Enhancing our fears of the unknown: Camera angles and perspective in horror games

By Bjørk Myklebust-Mogen

Image: Darkwood (2014), Acid Wizard Studio

 

It’s easy to forget the existence of the camera when you’re playing games, isn’t it? Its purpose, it seems, is to simply disappear out of sight and out of mind. The camera is just the way we experience the world, and yet it is also the way we experience the world. Without a camera, there’d be no game — no visual game, at least — yet year after year the camera sinks further into the background. Gone are the days of Resident Evil’s fixed camera angles and Doomguy’s inability to look up, and as such all games nowadays, especially horror titles, all opt for more or less the same camera solutions. Obviously there are differences in perspective, but within those perspectives the ways in which the camera is controlled and placed are largely homogenous. It seems we’ve all collectively agreed for the past 20 years to place a third person camera over the shoulder or right behind the character. Is this necessary, though? Does the camera and the perspective it conveys have to be passive and compliant, or can it be used as a tool to benefit the game, and horror in particular?

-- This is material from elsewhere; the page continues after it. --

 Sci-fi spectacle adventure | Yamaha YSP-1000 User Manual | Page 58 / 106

Image: Resident Evil 1 (1996), Capcom

 

Resident Evil’s (1996) particular choice of camera, that being fixed angles portraying one screen at a time, is itself a result of hardware limitations. The game is the first in the now well-established franchise in which you shoot zombies, run around a huge spooky mansion, try to cram a million things in your inventory at once, and solve lots of puzzles of varying quality, and as such the developers had to get a bit creative with how they realized this vision; without blowing the Playstation 1 to bits. To do this they opted to use pre-rendered backgrounds. These were layered below the characters and enemies to give the illusion of 3D, without having to render anything in real time. In order to switch screens, the player simply walks to the edge of the screen, before a hard-cut to the next pre-rendered background.

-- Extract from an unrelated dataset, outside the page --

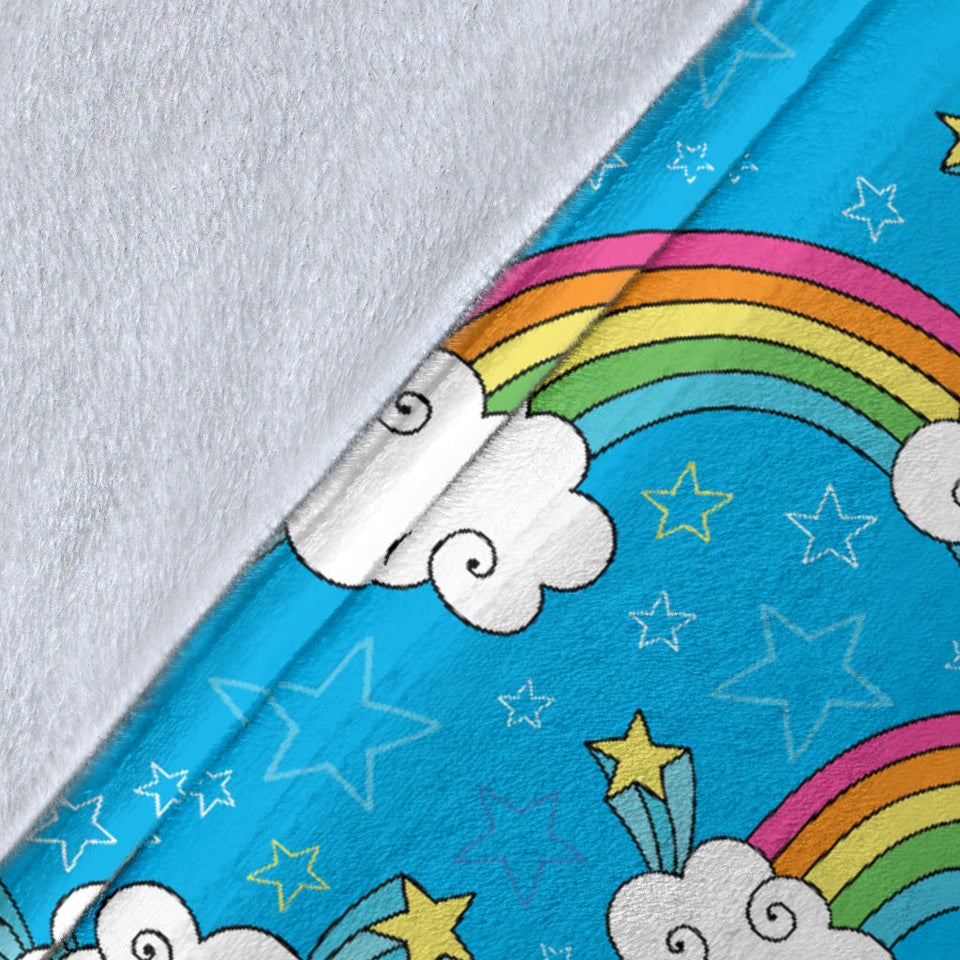 Rainbows Sky Clouds Pattern Premium Blanket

Image: Silent Hill 1 (1999), Konami

The downside with pre-rendered backgrounds, however, is that the faux 3D effect only works from the angle it was created, meaning the player can’t be free to move the camera on their own or it would ruin the illusion. It is maybe a bit ironic, then, that this faux 3D mansion has me just as tense as any modern Resident Evil I’ve played. And I think this system has helped with the overall vision of the game, despite being born of technical limitations. In an interview with Wildstorm magazine in 1998, director of Resident Evil 1 Shinji Mikami, when asked about his goals with the game, stated that «The player had to feel scared, as if something was waiting for him around the next corner.» And that is precisely what I end up feeling when wandering the jump-cutting halls of RE1. Every transition to the next screen is rough and brutal, turning each new room into its own mini jumpscare. Even though there’s really nothing there most of the time, you get the feeling as if there could be, and when there actually is it’s all the more terrifying.

 

Image: Darkwood (2014), Acid Wizard Studio

 

«Sure, Bjørk», you might be thinking now.»

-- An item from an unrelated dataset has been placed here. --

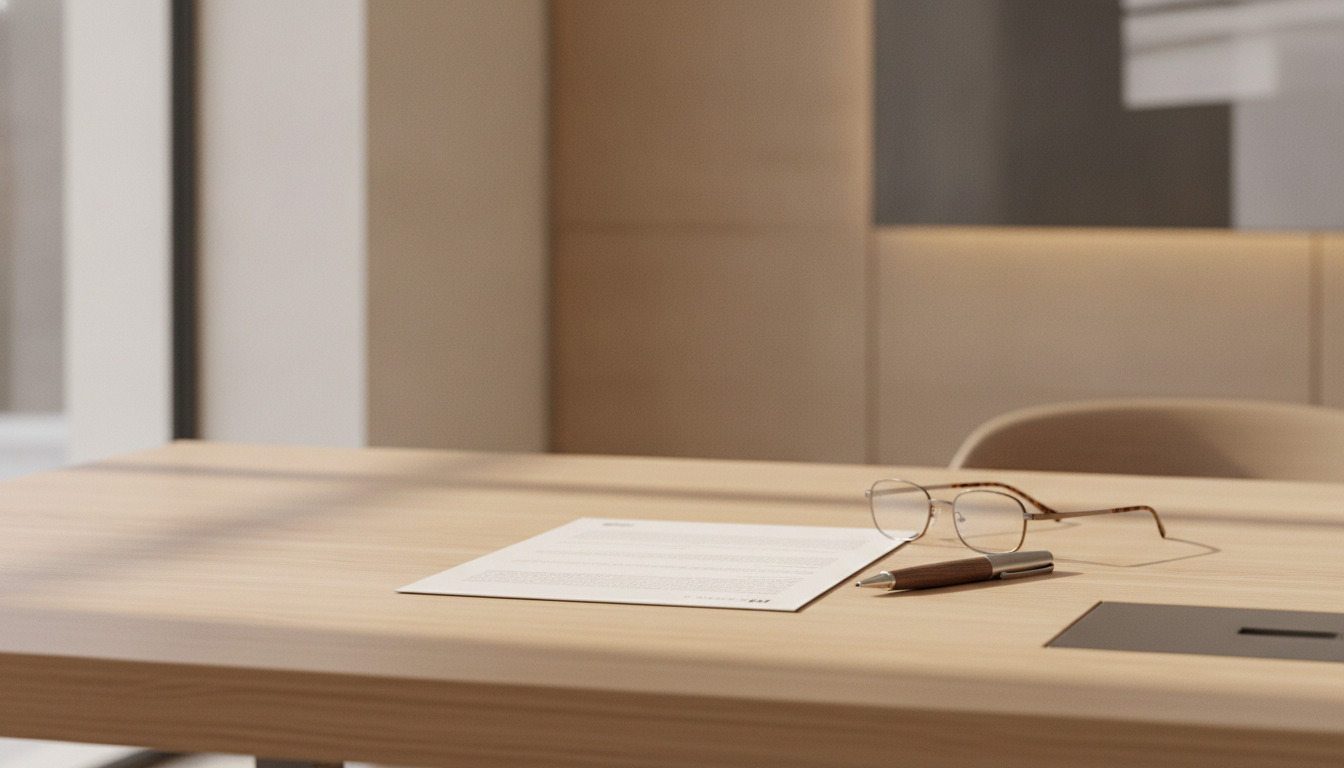 Træbord med finansielt dokument, læsebriller og pen i minimalistisk, moderne indretning.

«That’s all well and good, but monsters could just be hiding around a corner or behind a door in games where you do have control of the camera. Wouldn’t that be just as scary, without the annoyance of tank controls?» And sure, however, there’s one key thing I haven’t discussed yet: scale. Think of any game that uses the standard playercentered camera and there’s one key similarity: the player is the most important presence on-screen. Whether it be third- or first-person your player character is always the most vital entity in view at any time. This is an understandable sideeffect and a necessary trade-off for games which need the player character to be clearly readable and not have them be overshadowed by anything, but it does also compromise the importance of everything else on-screen. The player is at all times the subject, perfectly framed by the camera. With a fixed camera on the other hand, whenever you leave the center of the frame the camera remains, leaving you to go off on your own, your character shrinking smaller and smaller in size the further away you get, and when a zombie, dog or zombie-dog inevitably peeks out from behind you it instantly becomes the biggest, most demanding thing in view. Not only do you feel as though anything could be lurking around the next corner, but whatever that thing is, the game’s perspective makes sure to let you know how big of a threat it is, and how you’re ultimately not any more important.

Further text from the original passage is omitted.